Which milestones do you want to reach with your new investments, and what do you hope to achieve in the long run?
“The current investment being raised will go towards a consumer facing Nerve smartphone market entry, involving the manufacturing of the first batch of devices along with supporting marketing, shipping, warehousing as well as other market development efforts in Nigeria.
In the long run, our vision for Nerve is that via device and mobile service innovations we will solve particularly pressing problems and improve the quality of life on the continent and beyond… and as a result of this build a fortune 500 company of African origin!”
The last time we interviewed you was in October 2013. What has happened in the mean time?
“A lot! We’ve developed and pilot-launched our content delivery platform Nerveflo. This platform is available on the PC/mobile web, while some premium features are only available on Nerve smartphones. With Nerveflo we’re generating an added income stream via revenue sharing from sales of audio content from independent content producers.

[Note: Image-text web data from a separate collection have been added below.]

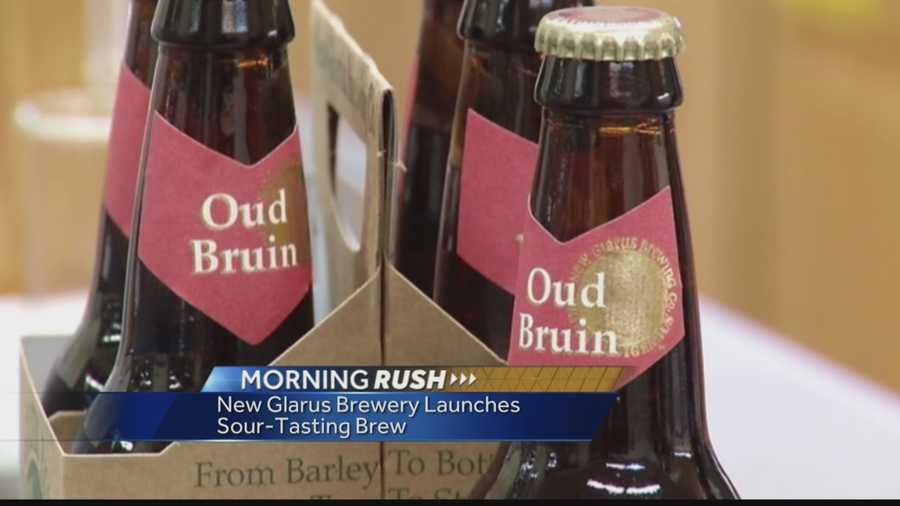 A brewery in Green county is launching a new, sour-tasting, brew.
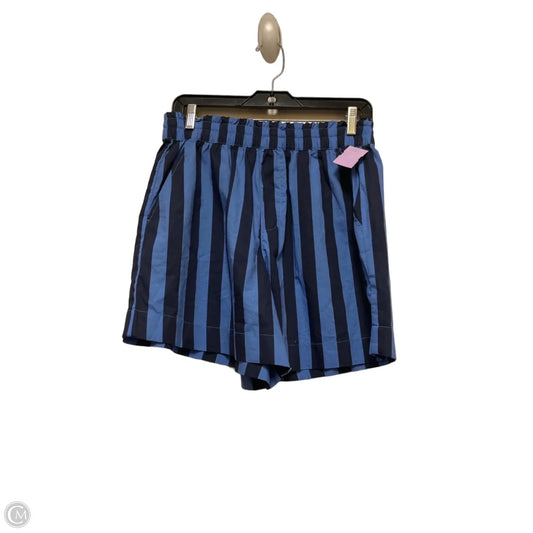 Pajama Pants By Aerie In Striped Pattern, Size: M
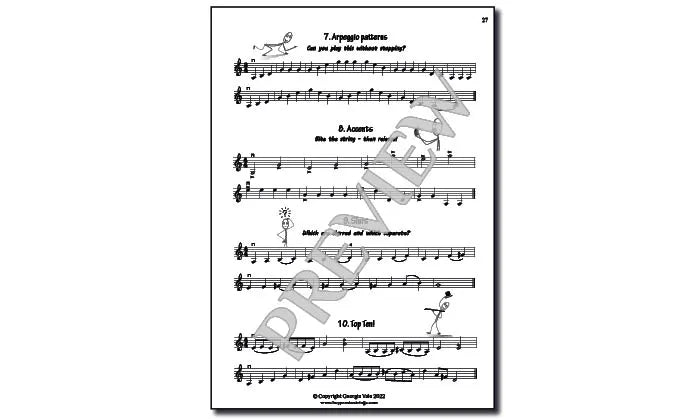 Top Ten for Violin, Book 1 DOWNLOAD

We also transitioned to fully using “Nerve” as the public facing entity with Ideacentric now serving simply as a holding company. And we completed the ‘early-stage’ incubation program with Wennovation Hub, which enabled us to complete product development and secure enterprise pre-orders, while re-scheduling our consumer facing rollout plans to the end of this year. We are hence about to enter into a practical market-entry program with novel accelerator in Lagos, enabling us to better fulfill our plan to bring our devices and services to the consumer market this year.
In the mean time we also won the 2014 International Tech Trail Blazers Award, were crowned the 2nd best regional startup in the Seedstars World 2014 competition, gained market traction with enterprise pre-orders of the Nerve entry-level smartphone and signed up the first batch of content providers on Nerveflo.
With a successful subscription to our current funding round and a potential feature at DEMO Africa 2014, our current drive is to have devices on sale end of the year via our website & retail partners.”
As your phones are presently produced in Asia, to what extent do you consider them ‘homegrown African’? Will more parts of the production be moved to Africa?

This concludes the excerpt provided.